Comment 10 Elad 2018-10-31 12:31:47 UTC
Yes, we will probably get a respin for 4.2.7 for the fix here.

Comment 11 Sahina Bose 2018-10-31 12:38:19 UTC
(In reply to Maor from comment #9)
> You can use ansible 2.6.x until the fix will be published.

Downgrading to ansible 2.6.x is not an option as all other features are tested with 2.7 (and we would anyways always get the latest ansible in channel)

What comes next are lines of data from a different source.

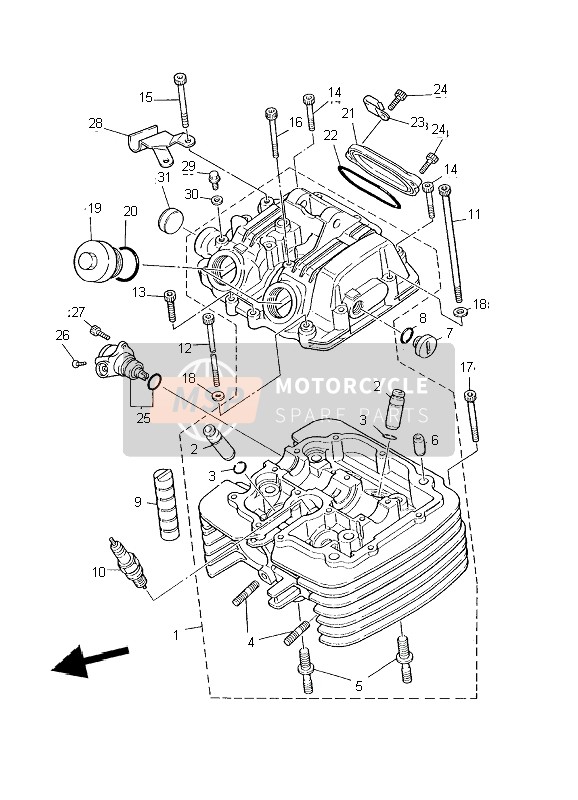 Yamaha XT600E 2002 Cylinder Head for a 2002 Yamaha XT600E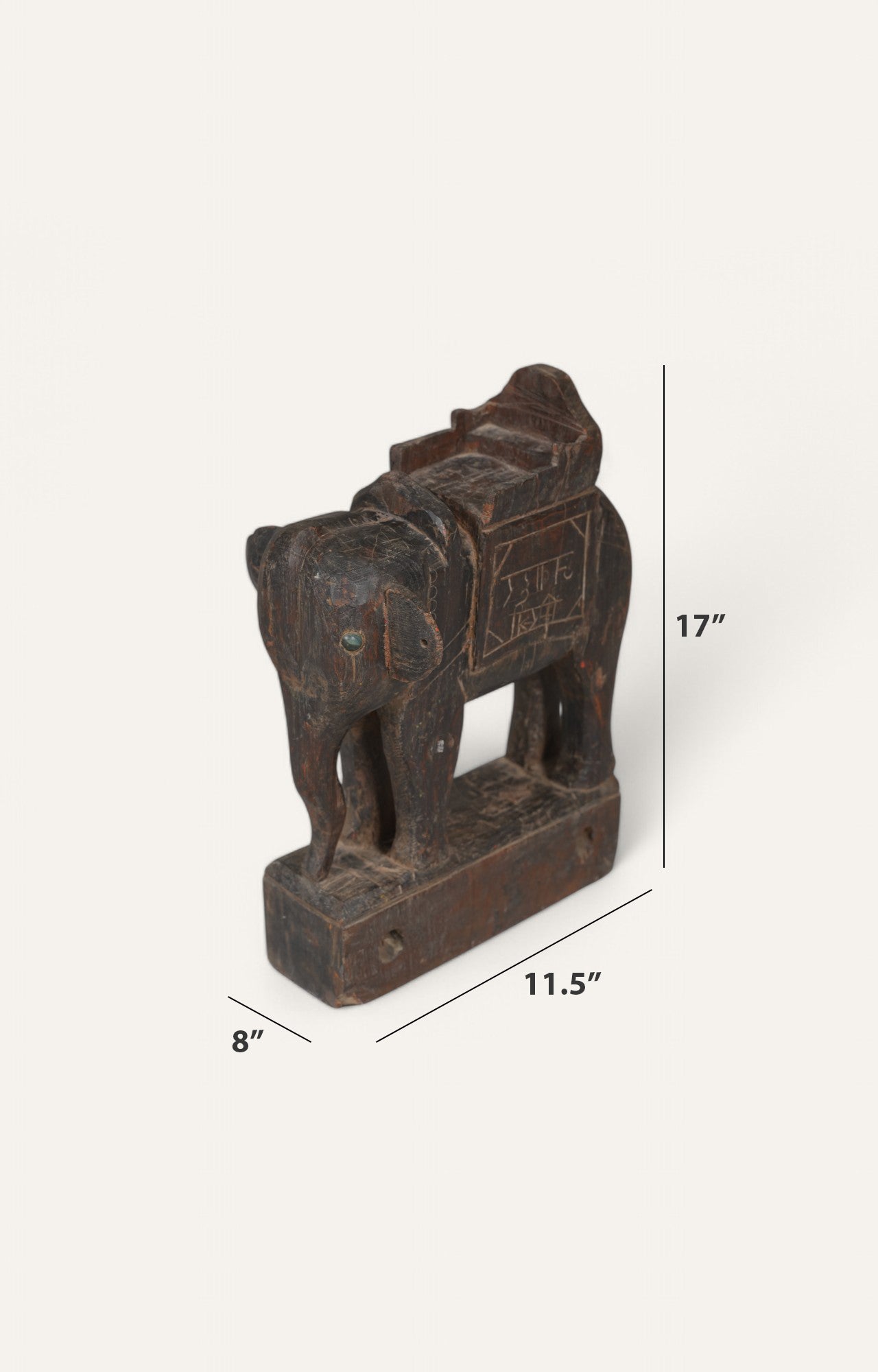 Vintage Wooden Elephant with Inscription Base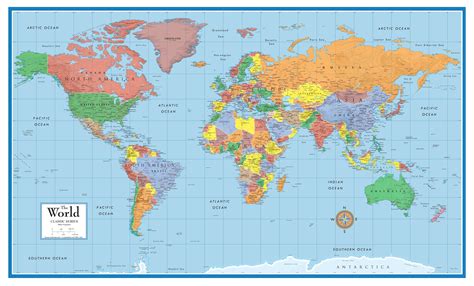 48x78 Huge World Classic Elite Wall Map Laminated Buy Online In South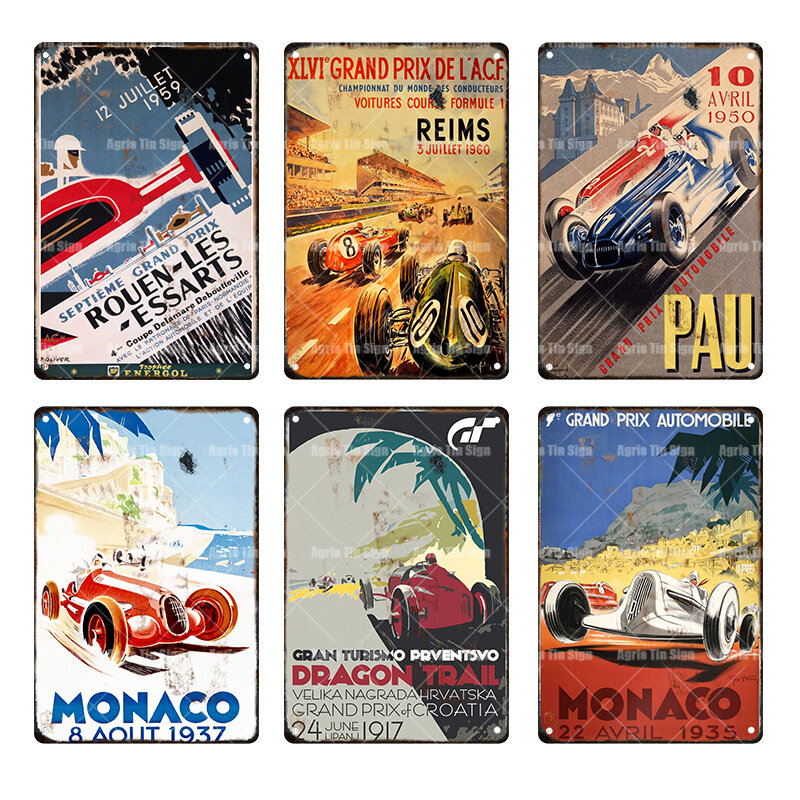 Vintage Monaco Racing Car Metal Tin Plate Retro Iron Painting Wall Decoration Poster Garage Outdoor Decor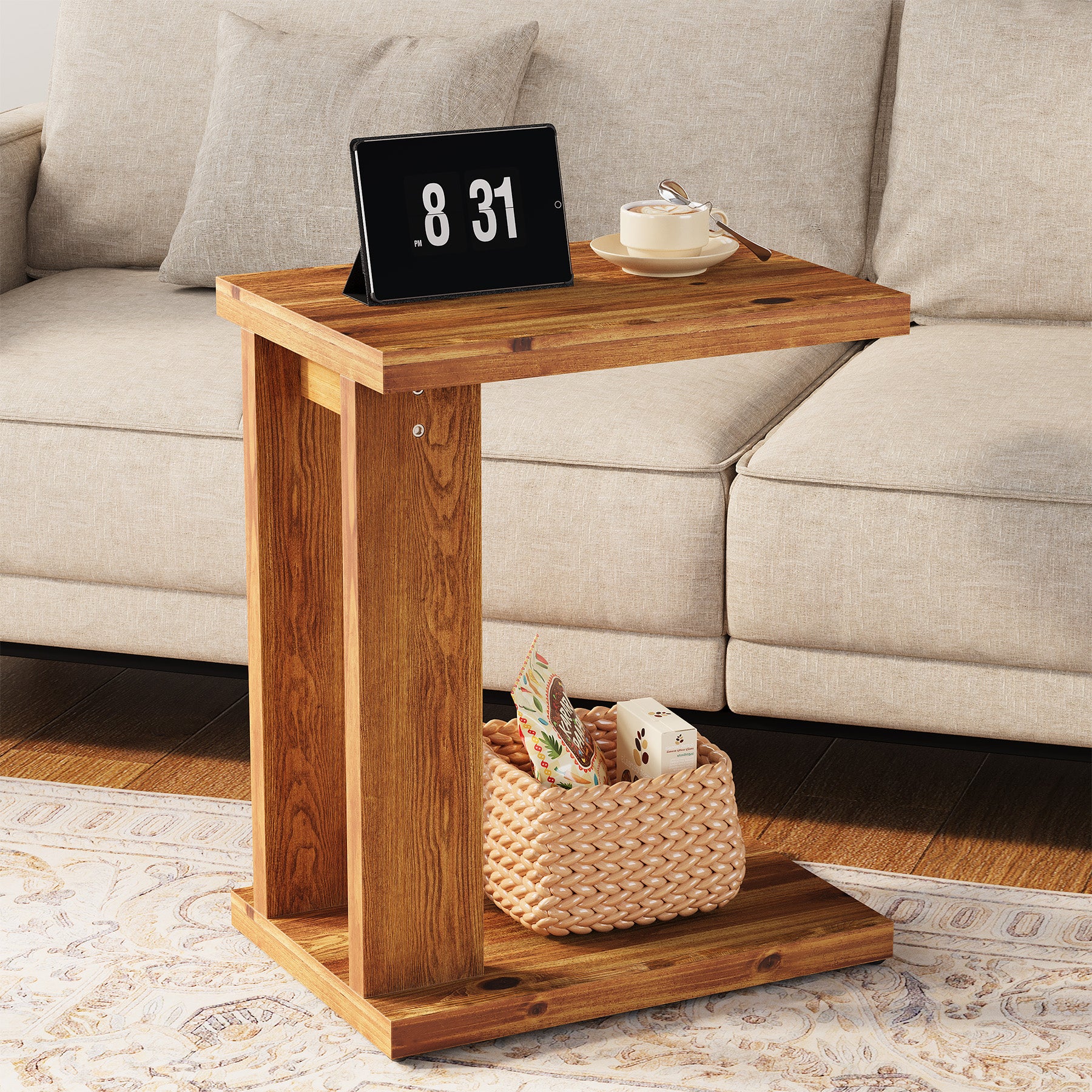 Tribesigns Tavolino a C in legno massello, 50 x 35 x 60 cm con 2 ripiani, ideale per il soggiorno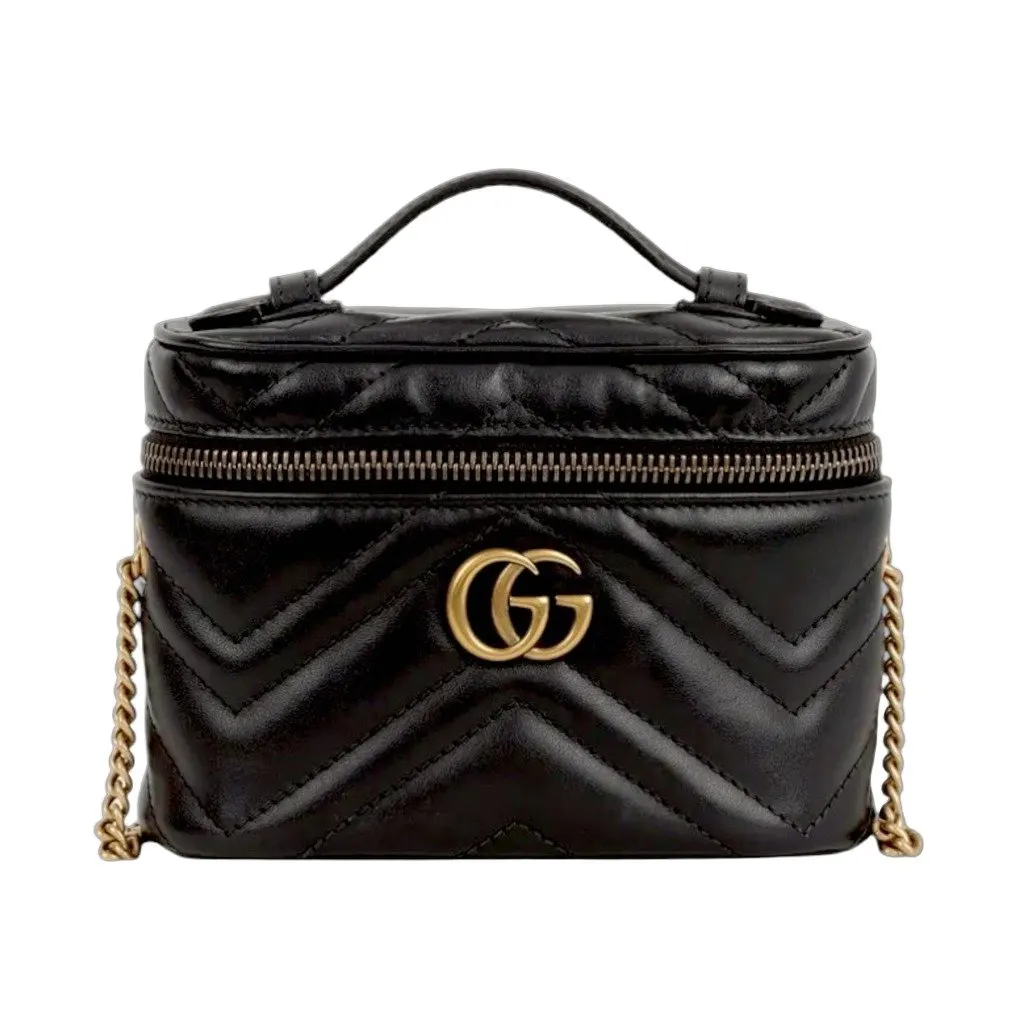 Gucci Marmont Vanity Black Leather Never worn, with tag - Front View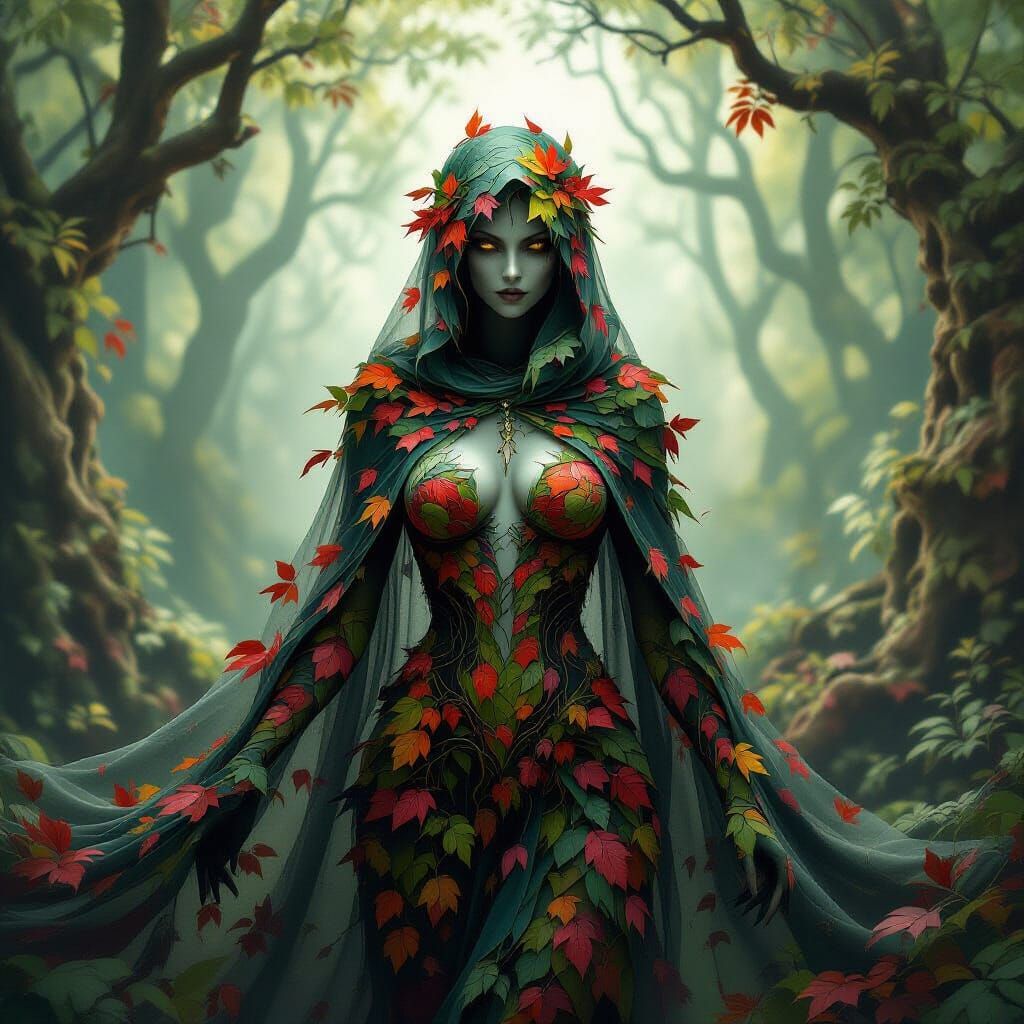 Autumn Nymph in Fractal Geometric Design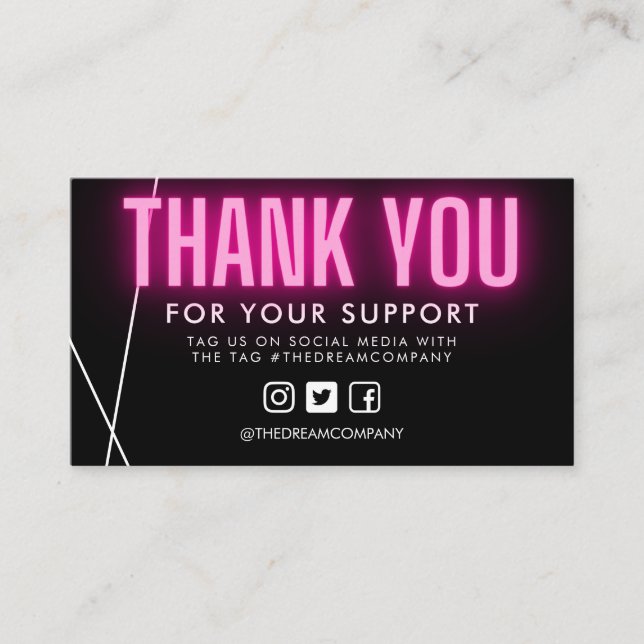 Pink Neon Thank You Logo Media Insert (Front)
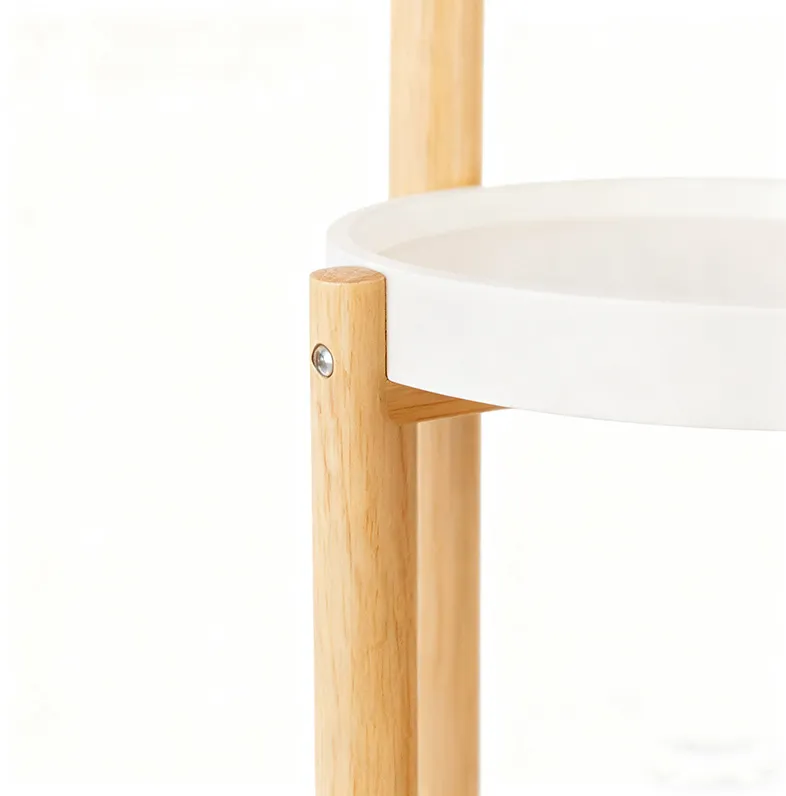 Bamboo Multi-Tier Plant Shelf with White Trays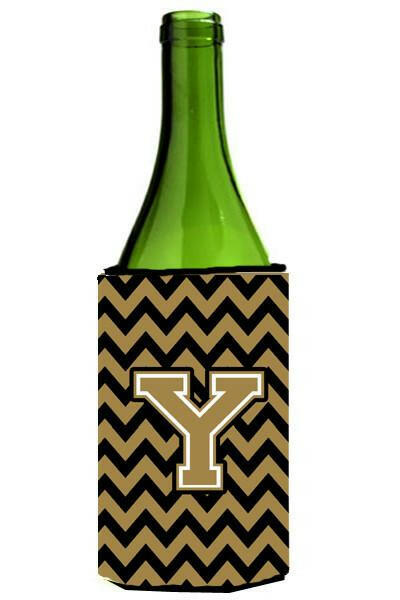 Letter Y Chevron Black and Gold  Wine Bottle Beverage Insulator Hugger CJ1050-YLITERK by Caroline's Treasures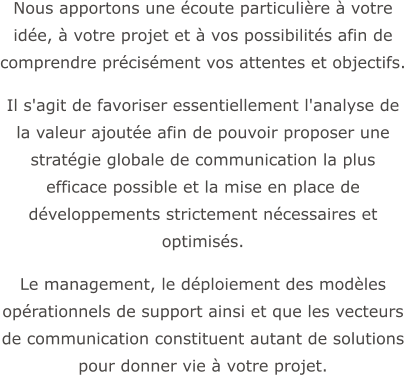 Nous apportons une écoute particulière à votre idée, à votre projet et à vos possibilités afin de comprendre précisément vos attentes et objectifs.  Il s'agit de favoriser essentiellement l'analyse de la valeur ajoutée afin de pouvoir proposer une stratégie globale de communication la plus efficace possible et la mise en place de développements strictement nécessaires et optimisés.  Le management, le déploiement des modèles opérationnels de support ainsi et que les vecteurs de communication constituent autant de solutions pour donner vie à votre projet.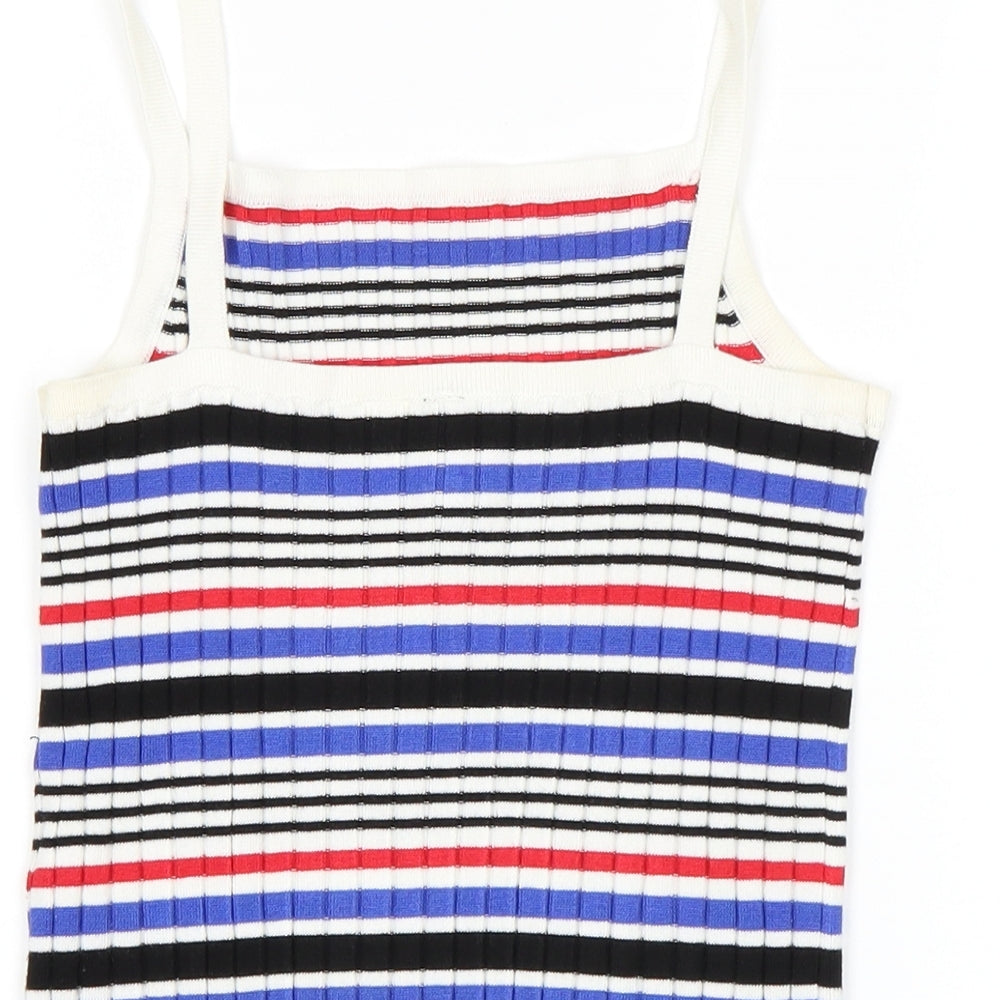 H&M Womens Multicoloured Striped Basic Tank Size S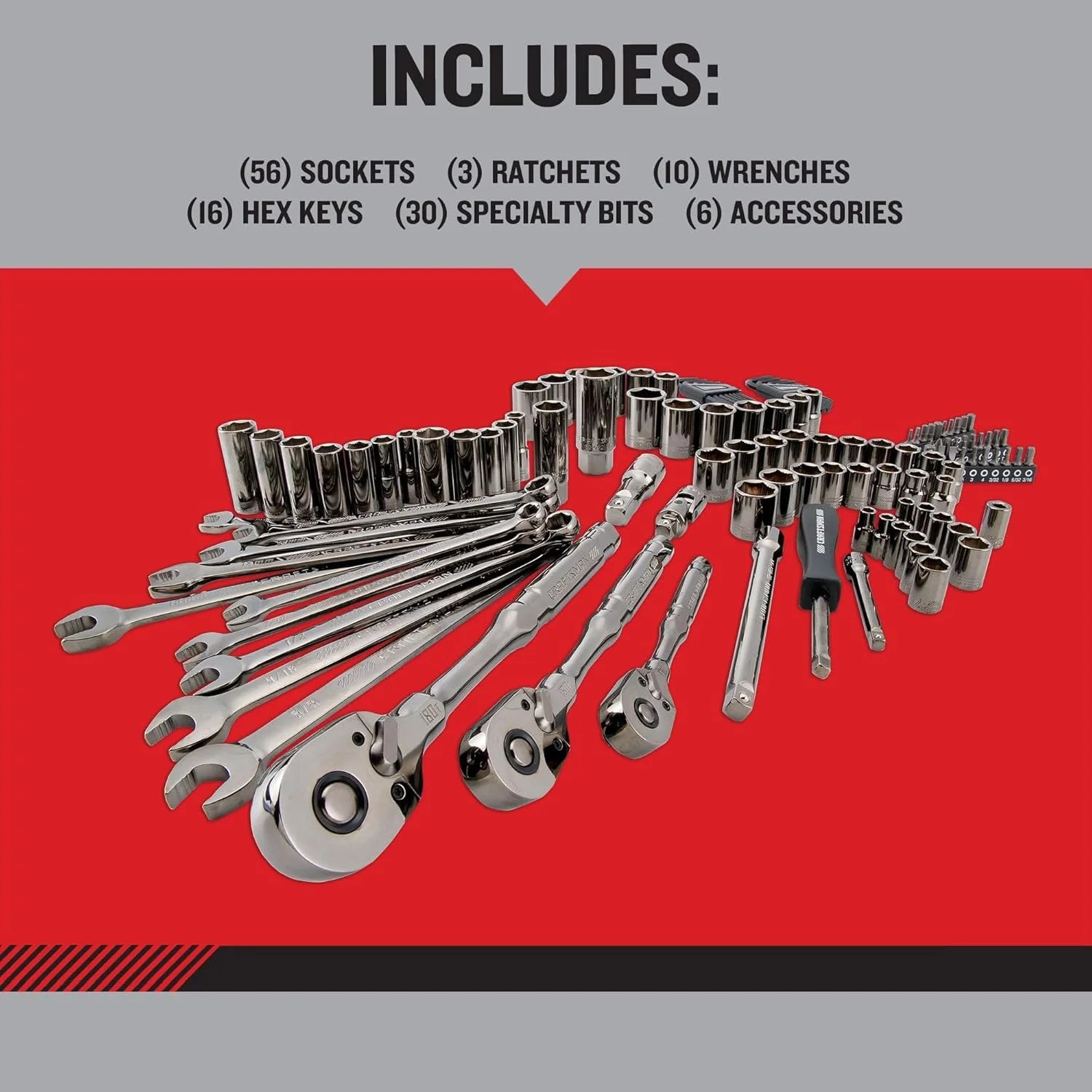 180-Tooth Ratchet Mechanic Tool Set with Gunmetal , 121-Piece Standard SAE/Metric Socket Set Includes Hard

> Elad, I know that you had doubts about this bug will be tested for 4.2.7, is
> there any chance we can still push it?

Comment 13 Elad 2018-11-04 14:29:17 UTC
Failover with Gluster domain succeeded, domain was imported successfully to the secondary site:




TASK [oVirt.disaster-recovery : Recover target engine] ************************************************************************************************************************************************************
task path: /usr/share/ansible/roles/oVirt.disaster-recovery/tasks/main.yml:19
included: /usr/share/ansible/roles/oVirt.disaster-recovery/tasks/recover_engine.yml for localhost

TASK [oVirt.disaster-recovery : Obtain SSO token] *****************************************************************************************************************************************************************
task path: /usr/share/ansible/roles/oVirt.disaster-recovery/tasks/recover_engine.yml:2
<127.0.0.1> ESTABLISH LOCAL CONNECTION FOR USER: root
<127.0.0.1> EXEC /bin/sh -c 'echo ~root && sleep 0'
<127.0.0.1> EXEC /bin/sh -c '( umask 77 && mkdir -p "` echo /root/.ansible/tmp/ansible-tmp-1541341086.35-217143828950081 `" && echo ansible-tmp-1541341086.35-217143828950081="` echo /root/.ansible/tmp/ansible-tm
p-1541341086.35-217143828950081 `" ) && sleep 0'
Using module file /usr/lib/python2.7/site-packages/ansible/modules/cloud/ovirt/ovirt_auth.py
<127.0.0.1> PUT /root/.ansible/tmp/ansible-local-21392Ohs45r/tmpFWuT_9 TO /root/.ansible/tmp/ansible-tmp-1541341086.35-217143828950081/AnsiballZ_ovirt_auth.py
<127.0.0.1> EXEC /bin/sh -c 'chmod u+x /root/.ansible/tmp/ansible-tmp-1541341086.35-217143828950081/ /root/.ansible/tmp/ansible-tmp-1541341086.35-217143828950081/AnsiballZ_ovirt_auth.py && sleep 0'
<127.0.0.1> EXEC /bin/sh -c '/usr/bin/python2 /root/.ansible/tmp/ansible-tmp-1541341086.35-217143828950081/AnsiballZ_ovirt_auth.py && sleep 0'
<127.0.0.1> EXEC /bin/sh -c 'rm -f -r /root/.ansible/tmp/ansible-tmp-1541341086.35-217143828950081/ > /dev/null 2>&1 && sleep 0'
ok: [localhost] => {

.
.
.



TASK [oVirt.disaster-recovery : Add storage domain if Gluster] ****************************************************************************************************************************************************
task path: /usr/share/ansible/roles/oVirt.disaster-recovery/tasks/recover/add_domain.yml:19
included: /usr/share/ansible/roles/oVirt.disaster-recovery/tasks/recover/add_glusterfs_domain.yml for localhost

TASK [oVirt.disaster-recovery : Add Gluster storage domain] *******************************************************************************************************************************************************
task path: /usr/share/ansible/roles/oVirt.disaster-recovery/tasks/recover/add_glusterfs_domain.yml:2
<127.0.0.1> ESTABLISH LOCAL CONNECTION FOR USER: root
<127.0.0.1> EXEC /bin/sh -c 'echo ~root && sleep 0'


==========================================================

Used:
ovirt-ansible-disaster-recovery-1.1.3-1.el7ev.noarch
ovirt-ansible-roles-1.1.5-2.el7ev.noarch
ansible-2.7.1-1.el7ae.noarch
ovirt-engine-4.2.7.4-0.1.el7ev.noarch



Thanks kgoldbla for your help!

Comment 17 Sandro Bonazzola 2018-11-13 16:12:55 UTC
This bugzilla is included in oVirt 4.2.7 Async 1 release, published on November 13th 2018.

Since the problem described in this bug report should be resolved in oVirt 4.2.7 release, it has been closed with a resolution of CURRENT RELEASE.

If the solution does not work for you, please open a new bug report.